# "I went down to the Mardi Gras and they all acks for you...!"



## FlowRider (Apr 7, 2019)

"I went down to the Mardi Gras
And they all acks for you,
They all acks for you,
Yeah, they even inquired about you!"

My best friends in New Orleans (all of them!) send me a wonderful surprise every Mardi Gras to remind me of all the great times we have had living in the Sportsman's Paradise of Louisiana.

This, ladies and gentlemen, is the best Mardi Gras King Cake!



This is made with cinnamon, my favorite!



If you have never had a cinnamon King Cake, you must have some before you leave this Earth. It is AMAZING especially with hot coffee!

It ain't too bad with a cold glass of milk after dinner, either!

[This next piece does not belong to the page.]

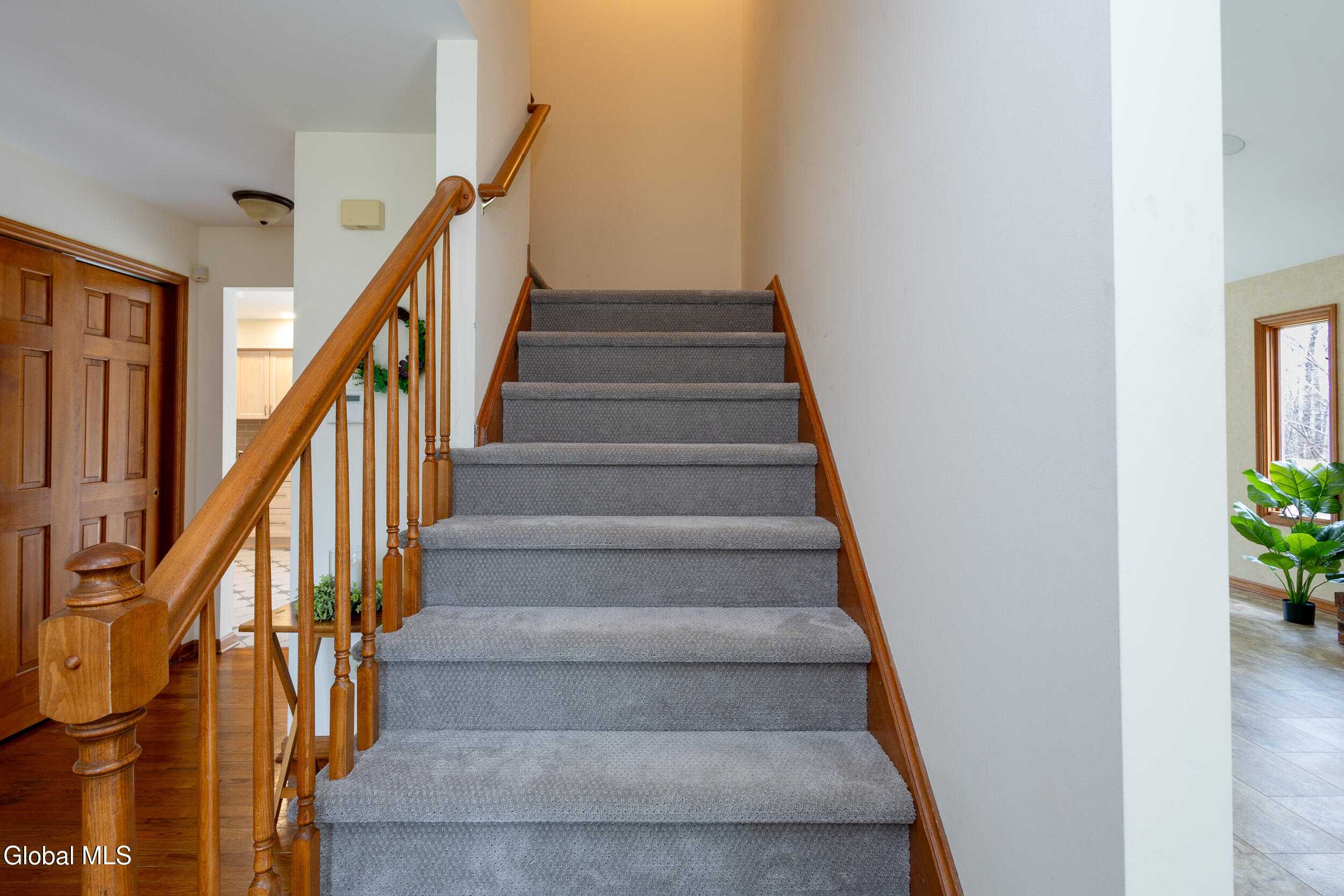 42 Deer Run Hollow Halfmoon NY 12065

It came with some purple, gold and green Mardi Gras beads, doubloons, and a prized cup (to pour your favorite drank when you get your drank on)! The ladies love catching the strings of pearls; me, I always catch me some cups!

Some of y'all may not know about Mardi Gras. Feel free to "acks" me anything. Time of your life, kid!


----------



## FlowRider (Apr 7, 2019)

https://m.youtube.com/watch?v=aSZzsWRx_IE


----------



## FlowRider (Apr 7, 2019)

Yeah, I wrote "acks" instead of "ask'd" because that how dem Cajuns sez it!

Acks me how I know...!


----------



## M311att (May 22, 2017)

Randazzo's.....strong. Mckenzies king cake will always hold a place in my heart but most found it kind of dry. But they were the only ones big enough to feed the whole class.


----------